We should not be surprised that the fossil fuel industry is now attacking research that supports the view that unconventional gasfields and fracking leads to massive unaccounted for fugitive emissions of methane gas. (http://www.smh.com.au/environment/report-on-gasfield-leaks-is-premature-says-industry-20121118-29ka2.html)
We need only to look at the deliberate campaign of misinformation waged for years now by the fossil fuel industry over climate science. Once again rather than respond to the science of impacts in a responsible way, their response is attack, counterclaim, dissembling propaganda and finally resort to simply spreading doubt in the general population once they have resoundingly lost on the science.
In the past two weeks we have seen all of this replayed in relation to independent university researchers uncovering evidence of fugitive methane emissions in gasfields.
Even before they have seen or read the reports the industry attacks the scientists, and more recently we see the federal minister for fossil fuel apologism also attacking the findings without even reading it. (http://www.smh.com.au/environment/minister-slams-unscientific-report-on-gas-leak-20121120-29nj5.html)
Whilst so much of the world struggles to generate independent data to responsibly assess risk, we have an irresponsible industry with deep historic links in the political establishment continuing to insist on their right to risk our health, our agricultural industries, our groundwater and the planets survival for a few years of extractive profit taking. (http://independentsciencenews.org/health/risk-and-responsibility-farming-food-and-unconventional-gas-drilling/)
We also have governments across Australia ignoring massive public outrage and opposition, ignoring clear warning sign from responsible scientists to fast track this industry. This is a crisis of democracy. The people are not being listened to and the scientists are not being listened to, government is recklessly pursuing a sectional corporate agenda.
As Dr Gavin Mudd has observed recently, the lack of regulation of the CSG industry is similar to the prevailing conditions in the financial sector that led to the global financial crisis. (http://www.northernstar.com.au/news/lack-of-csg-rules-compares-with-sub-prime-disaster/1615559/) There is simply not enough known about this industry, what we do know is positively frightening and yet they are expanding apace.

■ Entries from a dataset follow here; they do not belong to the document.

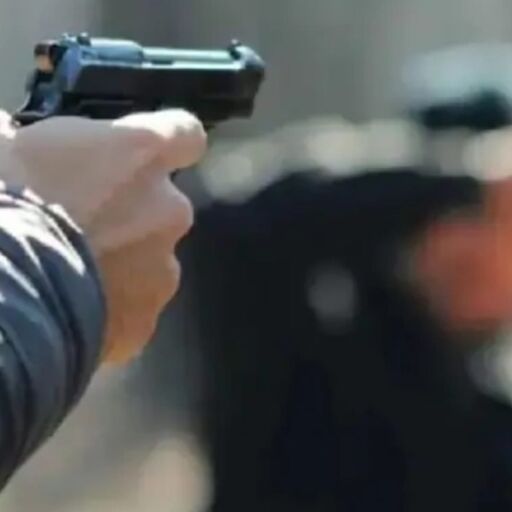 लक्सर में दिनदहाड़े हमला: पेशी पर ले जाए जा रहे कुख्यात बदमाश विनय त्यागी पर ताबड़तोड़ फायरिंग, दो पुलिसकर्मी घायल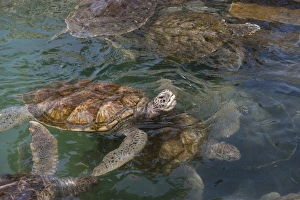 Images Dated 26th April 2010: British West Indies, Cayman Islands, Grand Cayman, Cayman Turtle Farm, Green Sea Turtle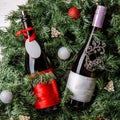 Photo of spruce branches with two bottles of wine, blank greeting card Royalty Free Stock Photo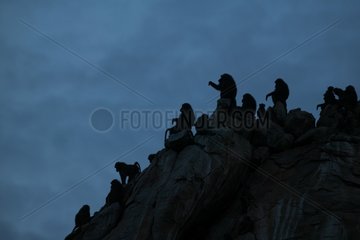 Babouins dogueras sur une colline de rochers Kenya
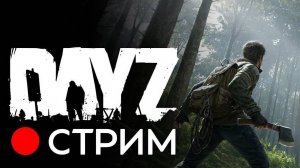 Dayz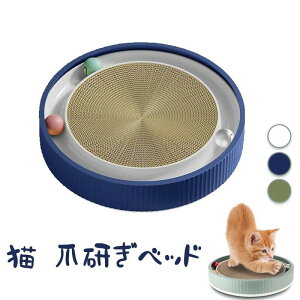 yP20IzL ܂Ƃ ^ ~` 45cm {[   h \ Lxbh ϖ ̌^ XgX ^s Lp ܌ ւc yb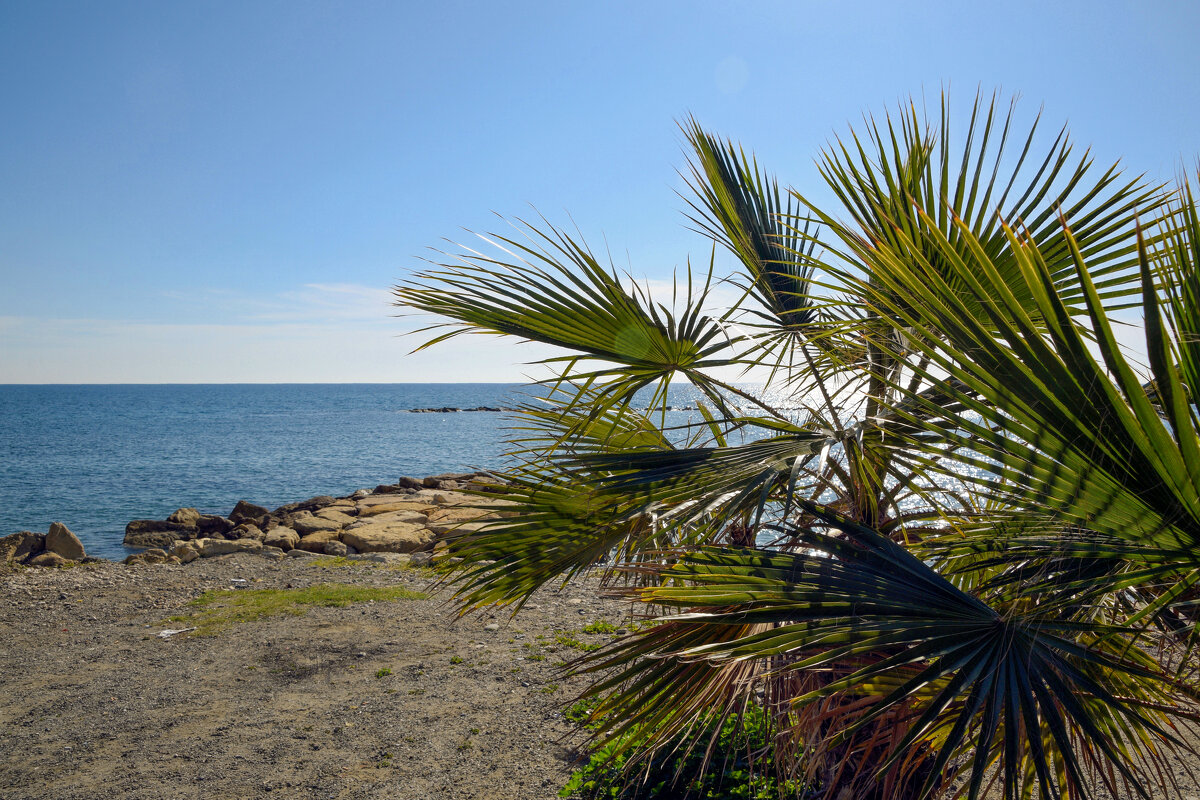 *** - Oleg4618 Шутченко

Clearly our institutions of governance are failing in relation unconventional gas development. The scientific evidence continues to grow about what a dirty and dangerous industry this is, and public opposition is reaching historically record levels. In the only community to be given a popular vote on the issue of CSG mining, Lismore in northern NSW, an astounding 87% voted ‘No’ to the industry. Three days later the state government approved a nearby CSG production licenses. Make no mistake this is a failure of democracy, and a crisis of governance. Thankfully the wheels are beginning to fall of the cart as far as investment in unconventional gas is concerned. It appears the investment community is more awake to the risks of this industry than our governments are.